In this lab you will have a chance to develop a machine learning pipeline that recognises hand-written digits. The dataset that you will use for this assignment is MNIST: 27x27 pixels grayscale images.
In this assignment you are asked to pick any 2 digits: 0, 1, 2, 3, 4, 5, 6, 7, 8, 9
, from the MNIST dataset (500 random samples per chosen digit). Then extract any 2 selected features from the ones prepared for you: f1, f2, f3, f4, f5, f6, f7, f8, f9
.
Once you have prepared the dataset you need to choose a machine learning algorithm from scikit-learn
and apply it. You need to decide how to evaluate your results (cross-validation, training-test split, etc.), what performance metric to use and how to report your results. Motivate all your choices.
To get you started you are given the dataset loader and two functions:
pick_digits
, andpick_features
;
together with and an example how to use them.
One thing you might want to do is to plot the decision boundaries. Lab3 showed how to do this for a linear classifier, but for other classifiers this can be a bit more involved. One way to visualise decision regions is to colour-code the predictions of the classifier over a mesh grid (see link to NearestNeighbors in scikit-learn).
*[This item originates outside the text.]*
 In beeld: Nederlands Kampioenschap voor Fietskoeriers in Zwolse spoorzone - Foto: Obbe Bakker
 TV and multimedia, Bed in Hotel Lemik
Another possibility is to calculate posterior class probabilities over a mesh grid and draw a contour line at p=1/2 (see link to matplotlib contour demo).
- 30% - develop one working solution;
- 10% - support it with relevant plots and figures eg. data scatter plot with decision boundary, predictive accuracy;
- 20% - develop another working solution of different type;
- 10% - support it with relevant plots and figures eg. data scatter plot with decision boundary, predictive accuracy;
- 10% - motivate your choices (5% per solution);
- 10% - create a baseline for your dataset;
- 10% - compare your results against each other (5%) and the baseline (5%).
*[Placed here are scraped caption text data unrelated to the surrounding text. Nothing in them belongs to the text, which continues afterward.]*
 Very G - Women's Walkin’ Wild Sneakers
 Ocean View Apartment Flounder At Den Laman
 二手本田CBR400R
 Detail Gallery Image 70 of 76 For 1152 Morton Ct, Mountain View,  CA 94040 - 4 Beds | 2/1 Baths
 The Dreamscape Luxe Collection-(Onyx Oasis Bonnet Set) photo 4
Please put all your working and comments in this Jupyter notebook and submit it as the only file with name <your_candidate_number>.ipynb
eg. 12321.ipynb
. If you do not use this naming convention 10% will be subtracted from your mark!
Your candidate number can be found on your FEN profile next to Candidate: keyword.
This coursework must be completed using Python 2.x.x
. If you have troubles running Python on any of the MVB 2.11 lab machines please execute the following command first:
export PATH=/opt/anaconda/python2/bin:$PATH
All submissions that use Python 3.x.x
will be given 0 marks.
If you want to run the notebook on Windows machine you need to replace the line:
mnist = fetch_mldata('MNIST original')
with:
mnist = fetch_mldata('MNIST original', data_home='***')
where ***
should be replaced with location where the dataset will be stored.
Before submission please make sure that the code runs on MVB 2.11 lab machines! If it doesn't you will be given 0 marks.